Up front, it's a "good news, bad news" situation. Six of the top seven tacklers on the line return, but they return from a line that ranked an egregious 117th in Adj. Line Yards. Despite solid size (junior tackles Donte Rumph and Mister Cobble combine to weight a solid 629 pounds), the Wildcats could be pushed around up front in 2011, and at first glance it is unclear why that would be different in 2012. But you can afford to get pushed around a little if you are also making some plays; Kentucky's line did not last fall. Senior end Collins Ukwu recorded 6.5 tackles for loss and 2.5 sacks last year, but the five other primary returnees combined for just another 9.5 and 3.0, respectively. Some new blood would be a very good thing, but nobody in the pipeline is assured of making an immediate impact. If high-three-star freshman tackle Thomas Chapman can get up to speed quickly, however, there is playing time to be won. Joker Phillips claims to be excited about the depth up front, but let's just say I need convincing.
When you go to five straight bowls and then miss a year, it is easy to set the bar at six wins and bowl eligibility. And to be sure, anything less than that will make this recent blip feel like a more permanent step backwards.

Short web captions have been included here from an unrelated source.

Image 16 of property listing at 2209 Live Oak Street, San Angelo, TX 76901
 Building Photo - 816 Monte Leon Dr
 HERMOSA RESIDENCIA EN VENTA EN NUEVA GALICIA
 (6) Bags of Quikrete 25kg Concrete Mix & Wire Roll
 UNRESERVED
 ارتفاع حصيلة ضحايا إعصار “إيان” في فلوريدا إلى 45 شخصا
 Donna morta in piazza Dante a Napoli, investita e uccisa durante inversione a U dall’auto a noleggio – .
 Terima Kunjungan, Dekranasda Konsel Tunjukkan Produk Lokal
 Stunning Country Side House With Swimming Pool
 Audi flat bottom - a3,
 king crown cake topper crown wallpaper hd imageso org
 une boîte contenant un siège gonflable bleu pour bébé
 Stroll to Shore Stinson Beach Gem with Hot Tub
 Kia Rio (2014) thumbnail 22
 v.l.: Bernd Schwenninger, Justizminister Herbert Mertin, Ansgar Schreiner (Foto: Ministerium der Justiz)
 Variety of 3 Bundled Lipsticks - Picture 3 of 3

But Kentucky plays only three teams projected worse than 50th, meaning they will have to win all three of those games, take out Mississippi State and Vanderbilt at home, and pull an upset to get to six wins. That seems like quite a bit. The Football Outsiders Almanac 2012 gives UK just a 10 percent chance of reaching bowl eligibility, so I'll set the bar closer to four wins.
It takes quite a few if's to make Kentucky good in 2012, and the schedule doesn't help. The Wildcats will need a serious boost from either last year's bit players or this year's star recruits, and counting on that is typically a good way to lose a lot of games.
Joker Phillips is an easy coach to root for -- he was a star at UK in the early-1980s and worked his way through the coaching ranks for 20 years (from Kentucky, to Cincinnati, to Minnesota, to Notre Dame, to South Carolina, back to Kentucky) before finally getting a shot to guide his alma mater -- but his program's momentum has fizzled, and while he did bring in some interesting pieces in the last couple of recruiting classes, most of the SEC has brought in more. That usually isn't a good sign when it comes to the length of a coaching tenure.